Fig. 6. K⁺ currents from delayed rectifier K⁺ channels recorded from a voltage-clamped RAW 264.7 macrophage in whole-cell configuration. The microchip access resistance (R_a) was 1.7 MΩ. Before transitioning to whole-cell mode, the cell-attached seal resistance was 80 MΩ. K⁺ currents were measured in response to the indicated voltage pulse protocol. The capacity transient was manually removed to focus on the current measurements.

Fig. 7. A microfluidic channel designed to focus the cells over the region of the pore for patching experiments. (A) The design of the PDMS flow-through, focusing channel is illustrated with input and output channels (labeled) for the introduction and extraction of cells and fluids.

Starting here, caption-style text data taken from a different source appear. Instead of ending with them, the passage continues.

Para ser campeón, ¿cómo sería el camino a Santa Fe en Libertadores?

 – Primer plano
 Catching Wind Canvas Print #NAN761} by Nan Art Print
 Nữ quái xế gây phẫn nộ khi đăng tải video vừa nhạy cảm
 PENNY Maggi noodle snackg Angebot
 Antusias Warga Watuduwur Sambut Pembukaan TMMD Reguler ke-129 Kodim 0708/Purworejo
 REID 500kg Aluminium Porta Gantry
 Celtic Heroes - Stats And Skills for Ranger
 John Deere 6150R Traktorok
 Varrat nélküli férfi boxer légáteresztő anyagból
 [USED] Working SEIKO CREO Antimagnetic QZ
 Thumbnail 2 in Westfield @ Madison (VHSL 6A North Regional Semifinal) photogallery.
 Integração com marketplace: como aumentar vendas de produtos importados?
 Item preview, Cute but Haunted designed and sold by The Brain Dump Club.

The dot on the right side of the channel represents the pore that was micromachined into the underlying silicon substrate. (B) Two optical micrographs of the same PDMS microchannel. The left image shows the flow direction (arrow) as it passes through the 100 μm wide focusing channel into the 500 μm wide patching chamber that contains the micropore. The right image shows the region of the chamber that contains the micropore. The inset reveals a HIT-T15 cell that was localized to the micropore using laminar flow. Following suction, all excess cells were washed away using external buffer. (C) Whole-cell mode recordings of the same localized HIT-T15 cell, revealing the electrophysiological signatures of non-inactivating Maxi K-ion channels.